Let the football games proceed, but, really, does a casting off of the Old and beginning something New happen for you?
When you awake on New Year’s Day with full resolve to keep resolutions for the new year—in spite of a possible hangover—does Nature affirm your resolve with sunshine and flowers? Of course not! Better to place New Year’s sometime in Spring, perhaps once the daffodils are making a show. An invitation for you to flower as well.
No, what we want to do in mid-winter is to stay warm in our homes, sleeping and eating. Like our cousins, the bears and ground hogs. When Spring arrives, we can make resolutions we will keep.
This all came to me when I started reading a big collection of Calvin Trillin’s essays, entitled “The Tummy Trilogy.” A food book for mid-winter.
One is won over by his style, his sense of humor, and the fact that he seeks out the best of local cuisine, whether in a big city or a small town. Half the fun is reading how he found the places—like finding the best barbecue mutton in Owensboro, Kentucky.
Trillin is at his peak on comfort food: chili, French fries, crawfish, and hamburgers. He’s not afraid of superlatives: best fried chicken at a potluck in Cherokee County, Georgia; best hamburger found in Arthur Bryant’s in Kansas City; Cincinnati as the best small city for French restaurants (three with five-star ratings); Nathan’s in Coney Island, more known for hot dogs, as having the best crinkly French fries (because they get their potatoes from Maine), while Bryant’s (again) in Kansas City for the best smooth French fries.

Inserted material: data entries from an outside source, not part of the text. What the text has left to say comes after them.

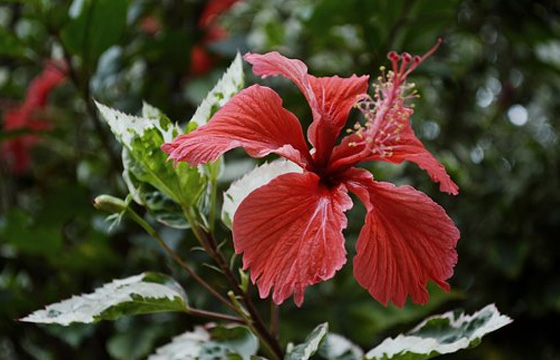 10個PR剪輯技巧，提高你的剪輯效率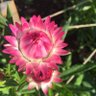 flowermiyy profil fotoğrafı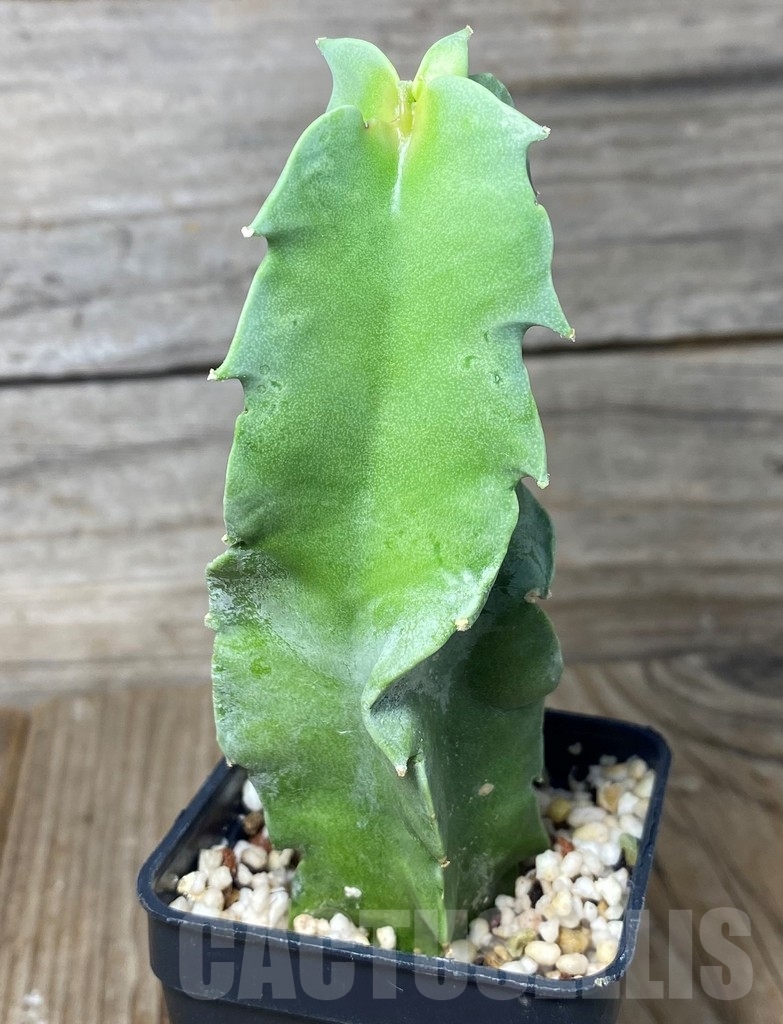 SHPR13141 Caralluma acutangola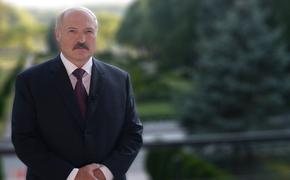 Лукашенко: дефицит белорусской картошки был создан искусственно и по внутриполитическим причинам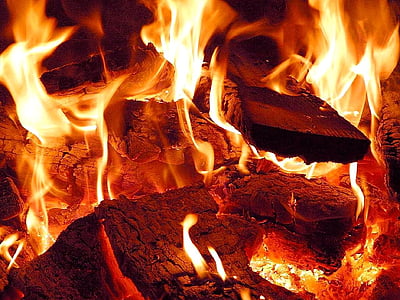 wood is on fire thumbnail
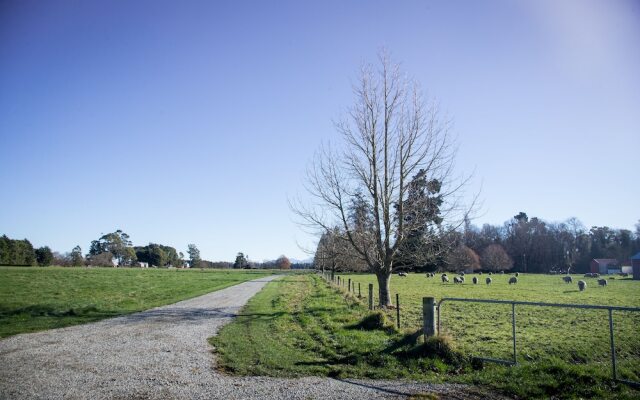 Coldstream Estate - The Whare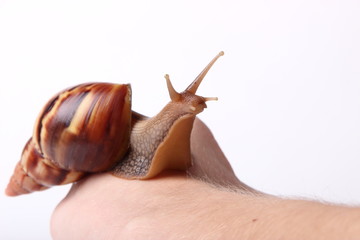 Achatina snail on white background
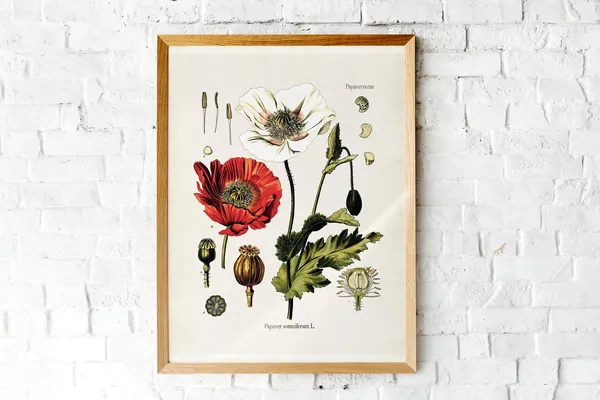 Vintage Red Poppy Lithograph Botanical Art Print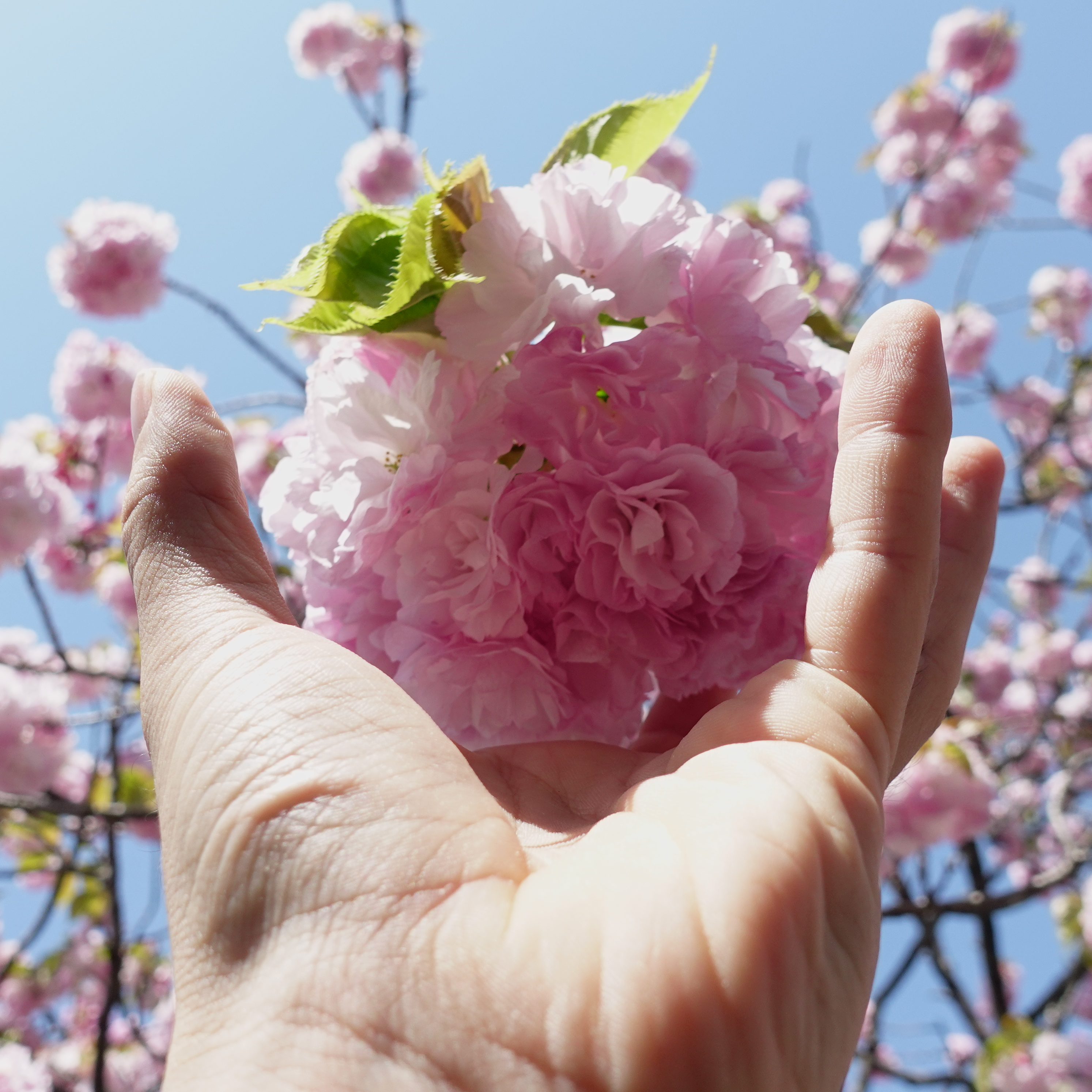 広島市内で桜を見るなら一般公開 花のまわりみち 造幣局広島支局の桜 広島県広島市 海燕 カイエンの釣り旅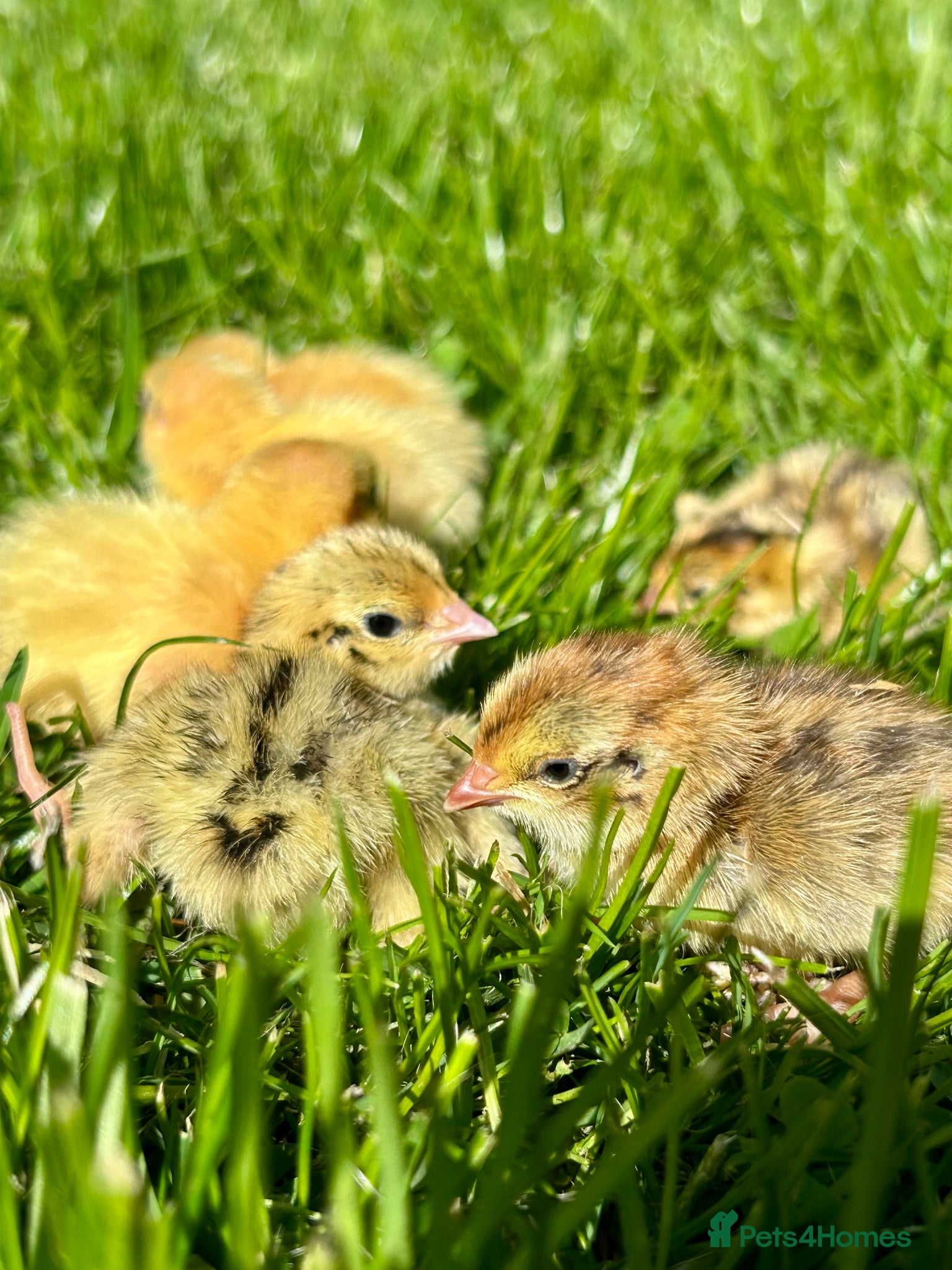 Quail poultry Fertile Italian jumbo quail eggs - Advert 1
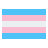 Transgender Flag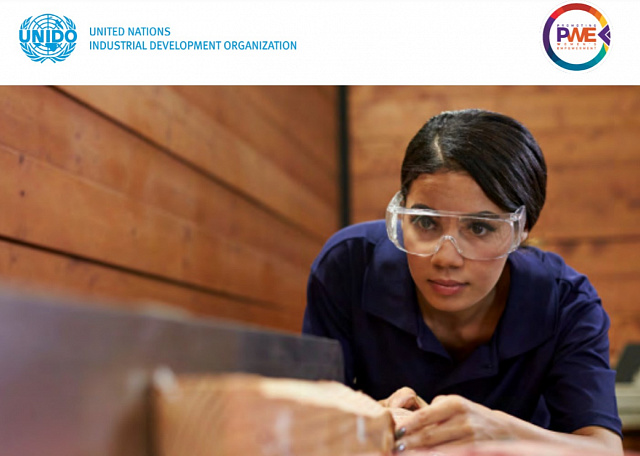 ЮНИДО представила результаты опроса об оценке воздействия COVID-19 на женщин и предпринимателей в производственном секторе и сфере производственных услуг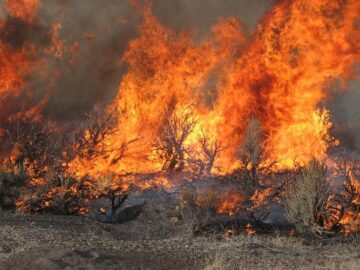 Increase the income tax to fund wildfire prevention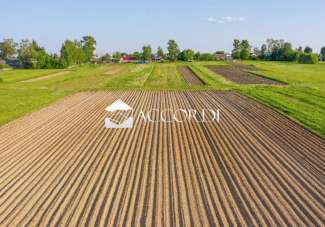 Verkauf Andere eigenschaften, Treviso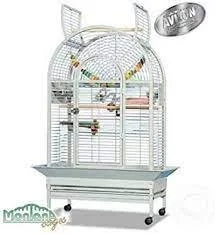 Gabbia Montana New Jersey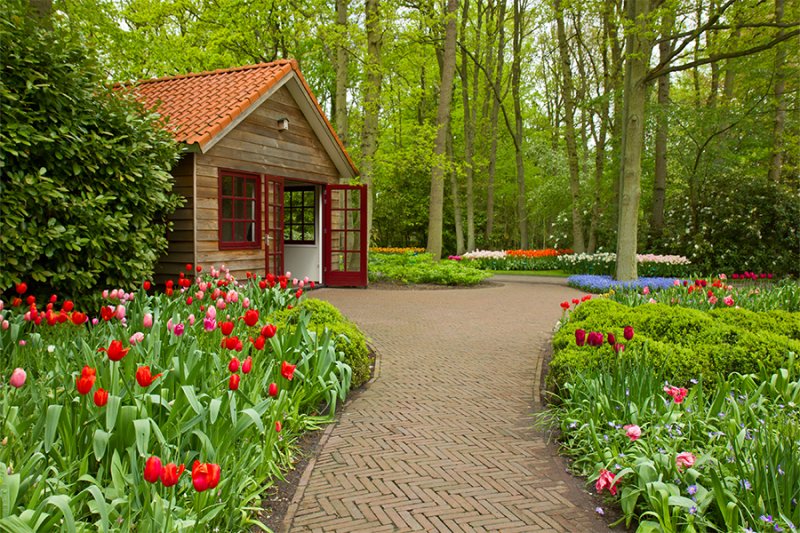 Hollanda Lale Bahçesi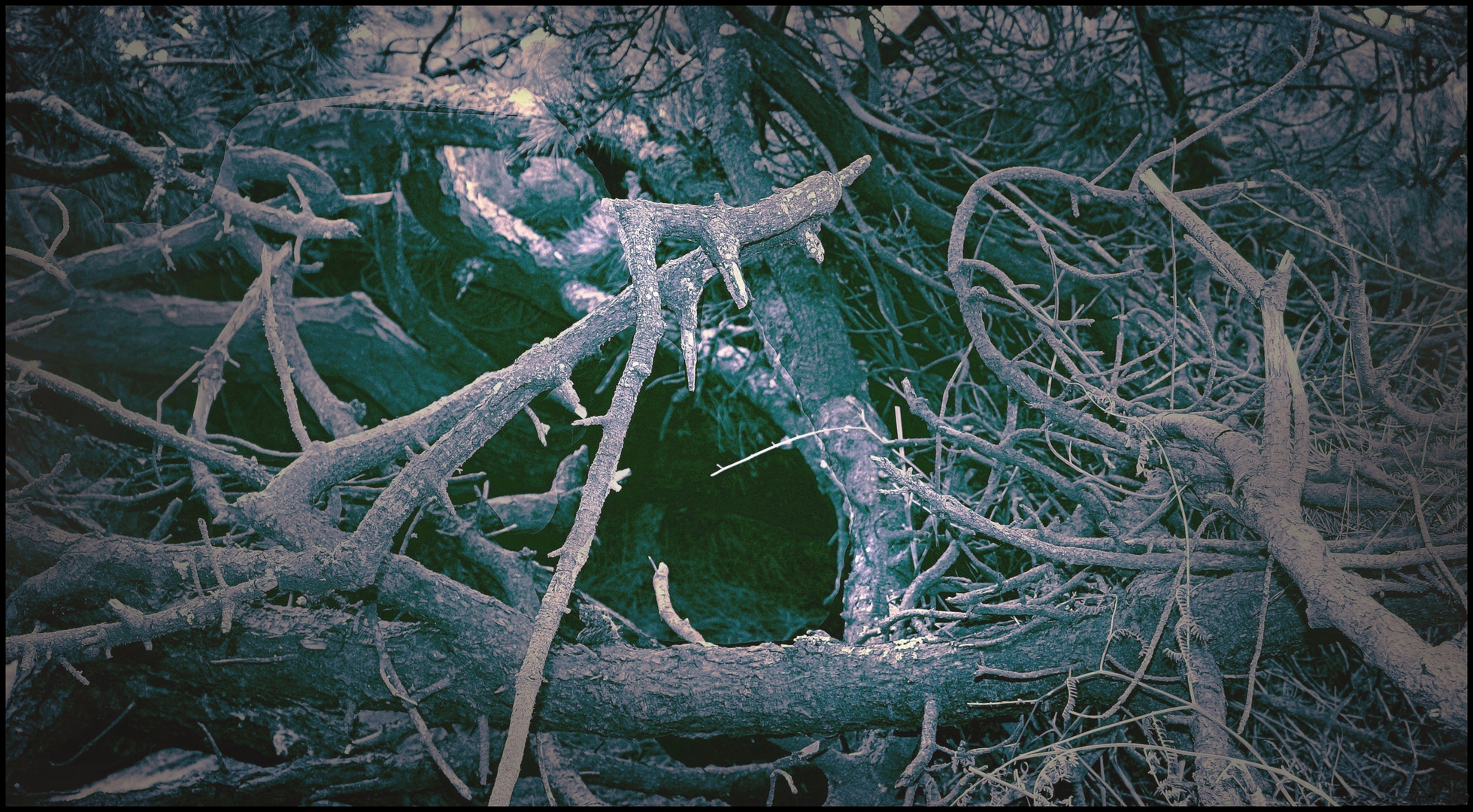 Ténébreuse légende en sous-bois 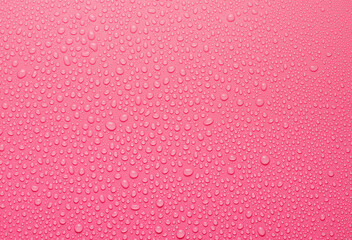 Water drops on pink background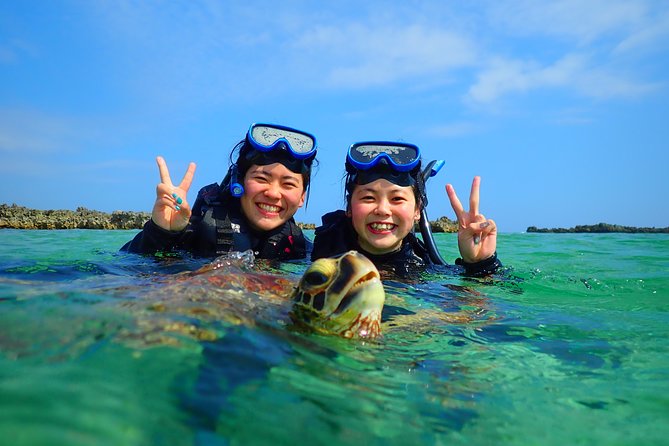[Miyako Island/Half Day] Sea Turtle Snorkeling - What you may see beneath the surface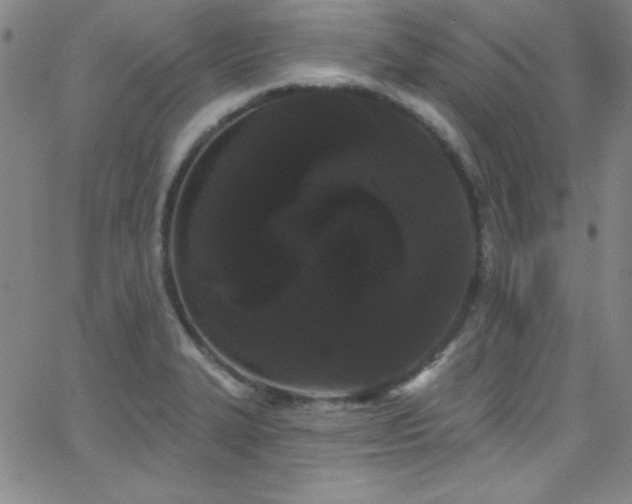 X0000068771327200604281228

Those are enough examples. I hope you appreciate how much tasty information is packed in the previous paragraph. Still, I forebear to commit simply because Trillin said so. Why?
Well, the essays containing that information were published in 1974 and 1978.
But surely a Calvin Trillin recommendation would secure a restaurant’s longevity. Just to test him, I asked a Cincinnati native about Trillin’s raves concerning two “chili parlors,” the Skyline and the Empress, as well as the bit about French restaurants. Yes, she said, all are still there, and then topped it off by naming the three five-star French restaurants. I was reassured. Next time I drive, I may have to reconsider what route to take to Virginia.
Still, I wonder how well this book will be received, when I present it for discussion to a group of women housed in one of our correctional centers. Their food choices are limited. It will be an interesting session.
Of course, reading Trillin on far-flung eateries, prompts me to consider the good and the better closer to home. I eat out fairly regularly and make it a point to try recommended restaurants in towns where I am doing a library book discussion. Of course, some libraries like to provide a meal—Ada, Healdton—so I am more than willing to forego my investigations in those towns. (Healdton deserves special mention, since the Friends of the Library do very good potluck meals.)
I will also forego promoting any Shawnee restaurants, especially those listed in the current News-Star contest; if all of the nominees are “the best,” how could any one of them be “better”?
Nor will I attempt to say anything about Oklahoma City’s restaurants, since I haven’t eaten in that many.
But, in the spirit of Trillin, I have traveled enough in South Central Oklahoma to share some taste biases, again leaving out Shawnee and OKC: Roma’s in Seminole and Luigi’s in Atoka for Italian; Two Frogs in Ardmore and Blue River in Tishomingo for ribs; Smokin’ Joe’s south of Davis, Bob’s Pig Shop in Paul’s Valley, and Trail’s End in Wynnewood for pork barbecue or beef brisket. (Bob’s does the pinto beans nicely too.).
Sure I’ve missed many, but these all hit the spot.
How did I find these restaurants? First I start with the free guide from the Oklahoma Tourism & Recreation Department (travelok.com), “Destination Dining Guide.” While the pictures and write-ups are great, sadly, the guide needs updating. Several of my top picks are not even listed (Roma’s, Luigi’s, Blue River).
Too, are Fire Lake Fry Bread and the Hamburger King the only independent restaurants in Shawnee worthy of mention?? And why is Benton Street Marketplace still listed? Someone needs to talk to the editors of that guide.
Recognizing the guide’s limits, I next go to zomato.com (formerly urbanspoon), which will list all the restaurants in a given town, including chains, and include ratings and reviews. When I get to town, I’m not afraid to ask locals.
All this search-and-eat stimulated by Calvin Trillin’s “Tummy Trilogy.”
Interestingly, since I started reading Trillin, I’ve lost 15 pounds.